INPUT DATA START

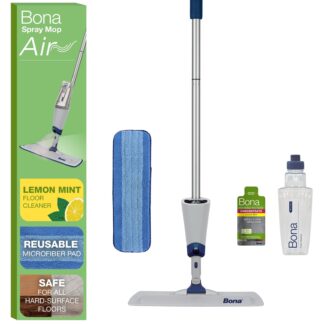 Bona Spray Mop Air for Multi-Surface Floors Kit - Includes Reusable Microfiber Cleaning Pad and Lemon Mint Concentrate Solution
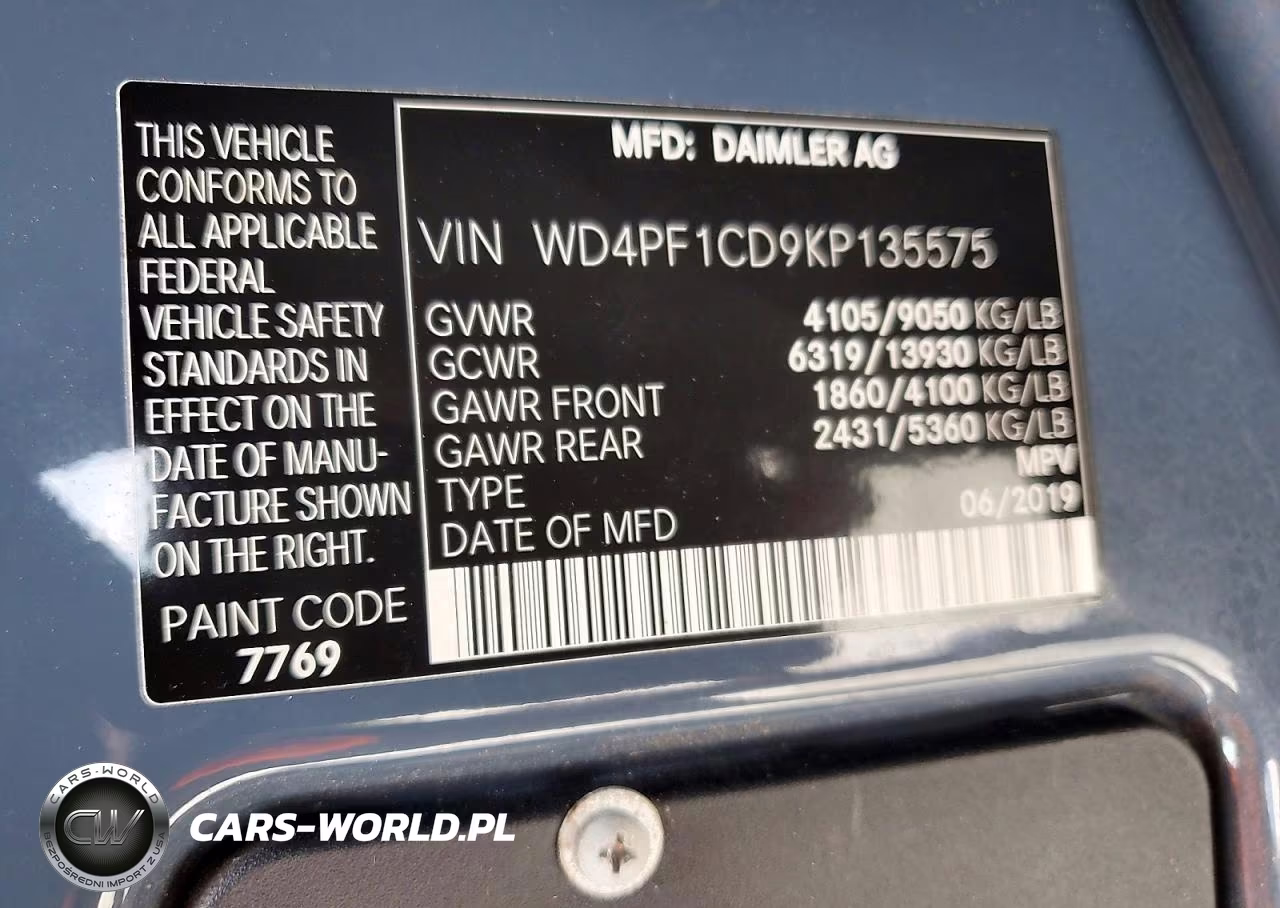 2019 Mercedes-Benz Sprinter 2500-3500 Delivery Van VIN:WD4PF1CD9KP135575 - 13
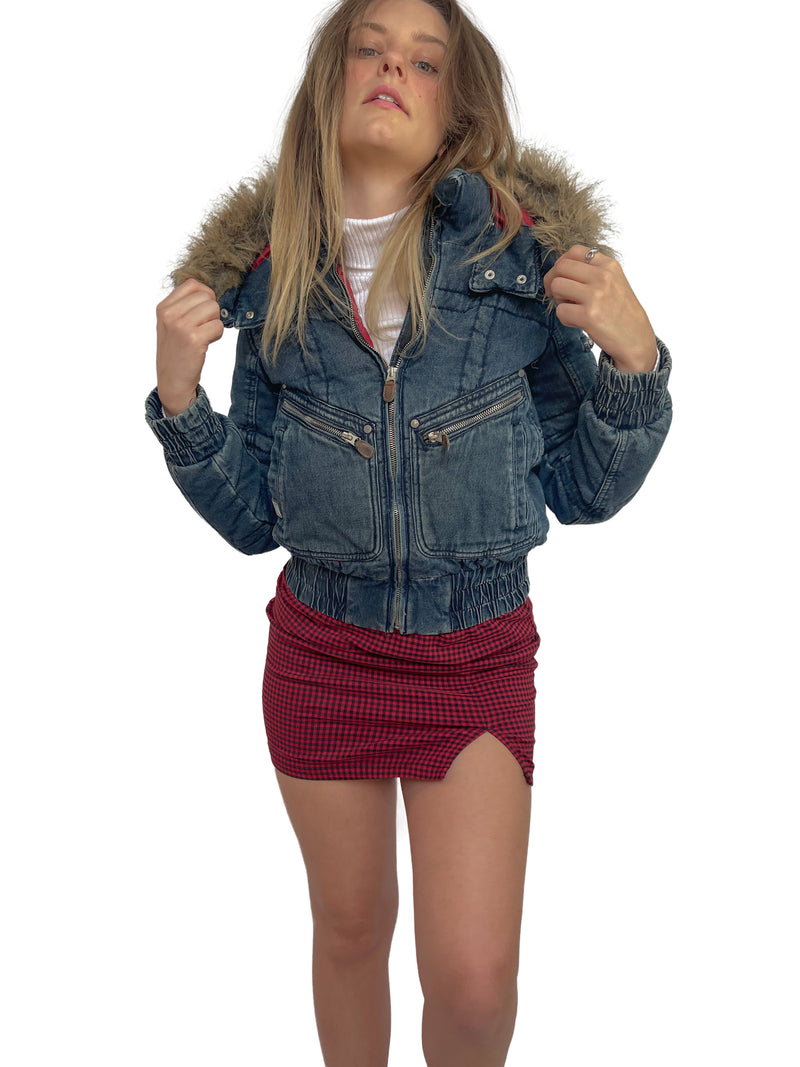 Ecko Red Demin Puffer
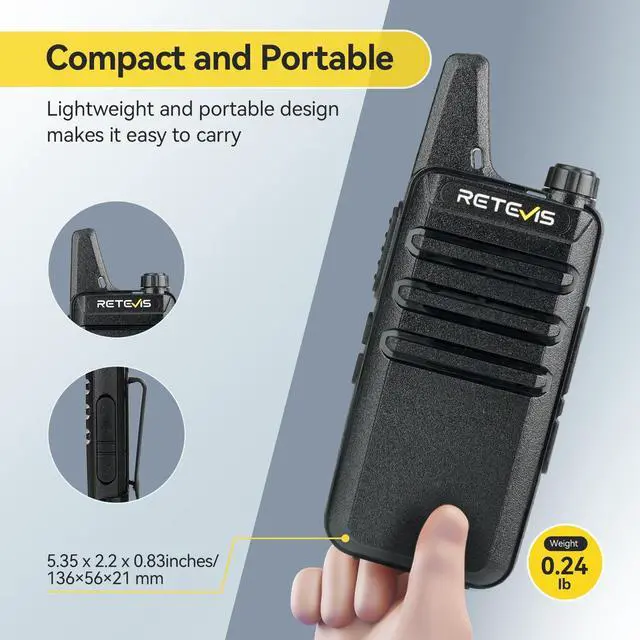 Alt view image 6 of 6 - KEHIPI RT22 Two Way Radio,Rechargeable Walkie Talkies Long Range(10 Pack) with 10 Way Gang Charger,Charging Progress Bar,Workplace Organization,Compact Walkie Talkie for Adults Office School Daycare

INPUT DATA END

TASK DETAILS:
Beginning with the line that contains "2019 Mercedes-Benz Sprinter" in the data above, please copy each line exactly until the last line, both ends included, skipping any pictures.

RESULT:
 2019 Mercedes-Benz Sprinter 2500-3500 Delivery Van VIN:WD4PF1CD9KP135575 - 13
 Ecko Red Demin Puffer
 Alt view image 6 of 6 - KEHIPI RT22 Two Way Radio,Rechargeable Walkie Talkies Long Range(10 Pack) with 10 Way Gang Charger,Charging Progress Bar,Workplace Organization,Compact Walkie Talkie for Adults Office School Daycare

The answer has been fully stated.